Site of Saint Leonard's Church, Saintleonards, Co. Wexford
Co. Wexford |
Churches & Chapels
What survives here is almost nothing, which is precisely what makes it interesting.
On a slight south-facing slope beside the R733 between Wexford town and Duncannon, a triangular patch of overgrown ground encloses what was once a chapel and its graveyard. No walls stand. No headstones remain. What you find instead is an earthen bank to the north-east, a stone wall to the west, and a sunken wet area edged with a low stone footing roughly 22 metres long. The 1839 Ordnance Survey six-inch map still shows the ghost of a rectangular structure, approximately 20 metres east to west and 15 metres north to south, set within a subrectangular graveyard enclosure. By the time anyone came to measure what remained on the ground, there were no recognisable foundations and no evidence of burial in the interior.

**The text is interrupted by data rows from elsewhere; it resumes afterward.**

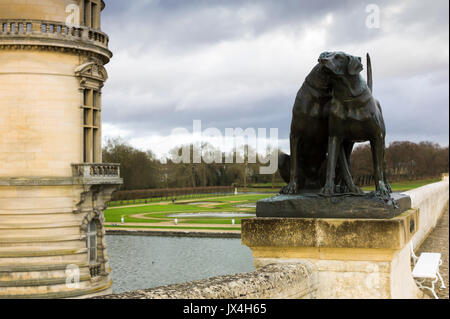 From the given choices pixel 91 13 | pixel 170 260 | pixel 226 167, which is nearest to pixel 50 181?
pixel 91 13

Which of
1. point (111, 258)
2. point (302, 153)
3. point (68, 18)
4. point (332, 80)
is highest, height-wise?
point (68, 18)

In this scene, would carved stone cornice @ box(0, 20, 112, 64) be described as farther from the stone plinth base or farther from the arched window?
the stone plinth base

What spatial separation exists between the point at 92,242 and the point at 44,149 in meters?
3.78

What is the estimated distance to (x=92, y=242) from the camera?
63.7 ft

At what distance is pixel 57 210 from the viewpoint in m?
17.9

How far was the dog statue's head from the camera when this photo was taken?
13.8 ft

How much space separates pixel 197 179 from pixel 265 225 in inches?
3592

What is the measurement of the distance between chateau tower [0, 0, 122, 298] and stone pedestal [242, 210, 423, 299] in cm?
1437

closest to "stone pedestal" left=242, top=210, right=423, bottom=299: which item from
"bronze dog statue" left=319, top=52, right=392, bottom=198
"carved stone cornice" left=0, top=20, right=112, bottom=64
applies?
"bronze dog statue" left=319, top=52, right=392, bottom=198

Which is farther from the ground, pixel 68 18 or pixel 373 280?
pixel 68 18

The story behind the site reaches back to 1207, when this land formed part of the original grant to the Cistercian abbey at Tintern, a daughter house of Tintern Abbey in Wales founded that year by William Marshal. The locality of Saintleonards fell within the abbey's parish of Tintern, and the church here most likely served as a chapel-of-ease, a secondary place of worship built to spare parishioners a long journey to the main church, probably attached to a grange or outfarm working the abbey's agricultural lands. The earliest written reference to it comes from 1552, by which point it is recorded simply as a chapel, already suggesting a modest and perhaps diminishing role. A holy well known as Toberernan lies approximately 320 metres to the south-south-east, a reminder that this quietly overlooked corner of County Wexford held a small but layered religious geography during the medieval period.